§ Lord Brett
asked Her Majesty's Government:
What effect the Commonhold and Leasehold Reform Bill, if enacted, will have on the rights of Crown leaseholders to enfranchise and to acquire a new or extended lease. [HL1960]196WA
§ The Parliamentary Secretary, Lord Chancellor's Department (Baroness Scotland of Asthal)
Following a statement made on 2 November 1992 by Sir George Young, the Crown authorities gave an undertaking that the Crown would, as landlord and subject to specified conditions, agree to the enfranchisement or extension of residential long leases under the same qualifications and terms which applied by virtue of the Leasehold Reform Act 1967 and the Leasehold Reform, Housing and Urban Development Act 1993 to lessees who hold from other landlords.
It was announced on 3 April 2001, Official Report, cols, WA 110–112 that the Crown authorities had confirmed that they would apply the undertaking to the provisions of the 1967 Act and the 1993 Act as amended by the Commonhold and Leasehold Reform Bill which was then before Parliament.
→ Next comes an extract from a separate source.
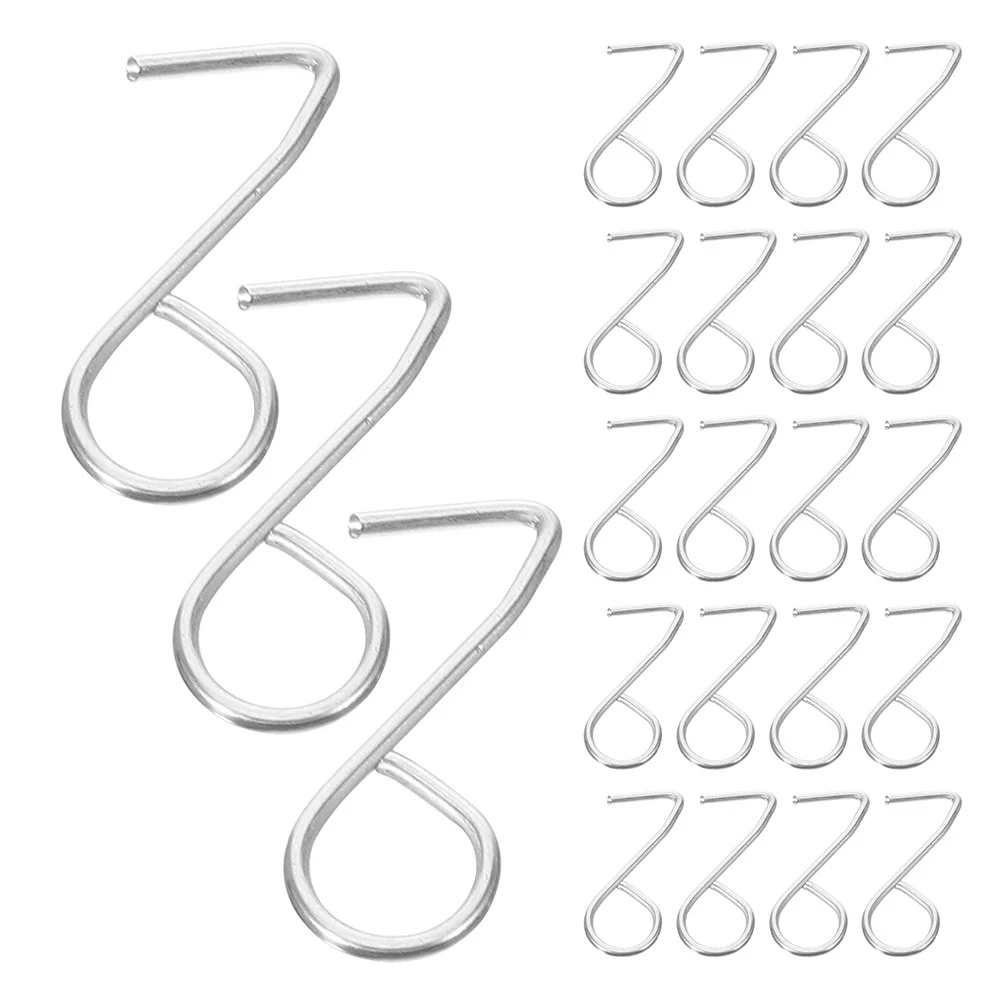 

50Pcs S Hooks for Car Seats Heavy Duty Metal Seat Cover Hangers Secure Fit for Front Rear Headrests Space Saving Car Seat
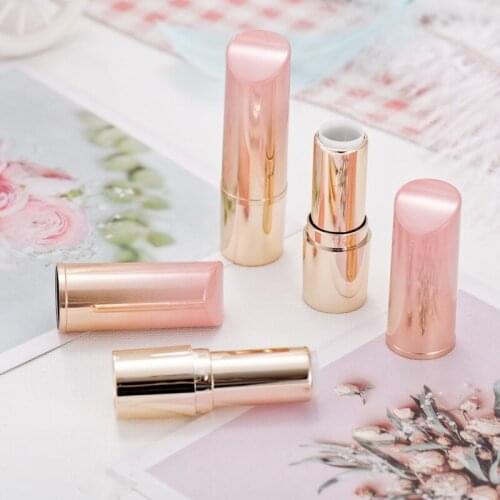 Pink Gold 12.1mm Empty Cosmetic Containers Lipstick Tube Plastic Make Up Oil Lip Balm Repair Refillable Bottles 200pcs/lot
As was announced by my noble and learned friend Lord Falconer of Thoroton during Third Reading of the Commonhold and Leasehold Reform Bill, which is before this Parliament, on 19 November 2001, (Official Report, col 927), the Crown authorities have now confirmed that this also applies to those Acts as amended by the current Bill. This undertaking accordingly supersedes the one given on 3 April 2001.
The full terms of the agreement made by the Crown are as follows:
(1) the Crown as landlord will, subject to the conditions described below, agree to the enfranchisement or extension of residential long leases or the grant of new residential long leases, under the same qualifications and terms which will apply by virtue of the Leasehold Reform Act 1967 and the Leasehold Reform, Housing and Urban Development Act 1993 to lessees who hold from other landlords;
(2) enfranchisement will be refused where property stands on land which is held inalienably;
(3) enfranchisement will also be refused where certain circumstances, which only apply to the Crown, obtain. These are:
- (i) where there are particular security considerations (on the advice of the Royal and Diplomatic Protection Group of the Metropolitan Police or other security agencies);
- (ii) where properties are in, or intimately connected with, the curtilage of historic Royal Parks and Palaces;
- (iii) where properties, or the areas in which they are situated, have a long historic or particular association with the Crown.
(4) the areas referred to in paragraph (3) (iii) include the Off Islands within the Isles of Scilly (St Agnes, Bryher, St Martins and Tresco), the Garrison on St Mary's, the village of Newton St Loe and parts of central Dartmoor. The properties referred to in that paragraph include old land revenue and reverter properties and grace and favour properties;
(5) where enfranchisement is refused on the grounds set out in paragraphs (2) and (3) but the tenant would otherwise qualify for enfranchisement, lease extension 197WA or the grant of a new lease by analogy with the statutes, the Crown will be prepared to negotiate new leases;
(6) the Crown will follow the valuation bases set out in the Leasehold Reform Act 1967 and the Leasehold Reform, Housing and Urban Development Act 1993;
(7) the Crown will agree to be bound by arbitration where there is dispute over valuation or other terms, except in cases under paragraphs (2) and (3). The Leasehold Valuation Tribunal will he empowered to act as the arbitration body, and will hear such disputes on voluntary reference;
(8) the Crown will be entitled to apply to the Leasehold Valuation Tribunal for approval of a scheme of estate management in the same way as other landlords.